Ways to apply this for preteens and teens
For our teens, failure and confidence are often closely linked, meaning that when they fail, their confidence can crumble and they can learn to fear failure. But if we can teach them how to handle the little failures then learning to handle the big failures is just the next step up. Teaching them how to do it well is an amazing gift we can give them.
It is so valuable to our preteens and teens if we can help them see that failure is natural and necessary: it’s how we learn, and we never stop learning. Our job is to figure out how to cope with that so it’s a joyful learning process, not something that is going to crush us. None of us is perfect. We need to communicate to them that we don’t expect them to be perfect and we are here to walk them on the journey of their growth, not a journey of always being perfect.
Four tools to help us do that for our teenagers:
- Be the outside eye of admiration for your children. Praise learning, progress and effort, not perfection. We will always celebrate their successes but there are so many other opportunities to celebrate their learning, progress and effort.
- Give them insight into our failures, now and in the past.
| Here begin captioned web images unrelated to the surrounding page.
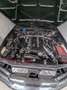 Nissan Skyline R32 GTR series 3 DE/AT Zulassung siva - thumbnail 15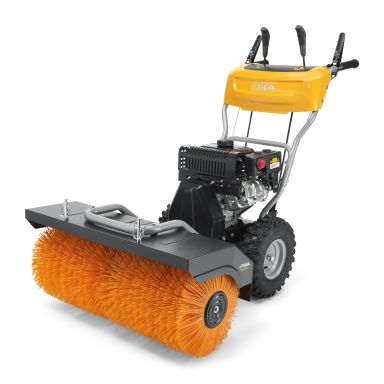 STIGA STIGA SWS 800 G Feiemaskin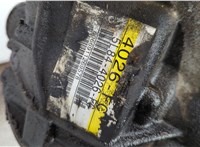 5L844026FC Редуктор моста Mazda Tribute 2001-2007 20476762 #4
It could be how you messed up at work, or didn’t manage a conflict well, or let someone down. Create windows into what it felt like, how you dealt with it, what you did or will do next, what you learned. You can use other people’s stories – invite people over or explore a series like Jia Jiang’s ‘100 days of rejection’.
- Be aware of their self-talk and shame. They may get frustrated or judge themselves or label themselves wrongly. They may be ashamed (not necessarily wrongly) or they may be embarrassed because they aren’t perfect. Help them to name that and equip them to spot when there’s a lie and replace it with truth. You’re not saying you can’t think that, but reminding them of the truth. (See Curious Questions for more ideas around this.)
- Equip them with next steps so they know how they can deal with failure: for example, what happens when I fail a test. Let them know how you’ll respond, talk it through, tell stories, do some role play if there’s something they need to do.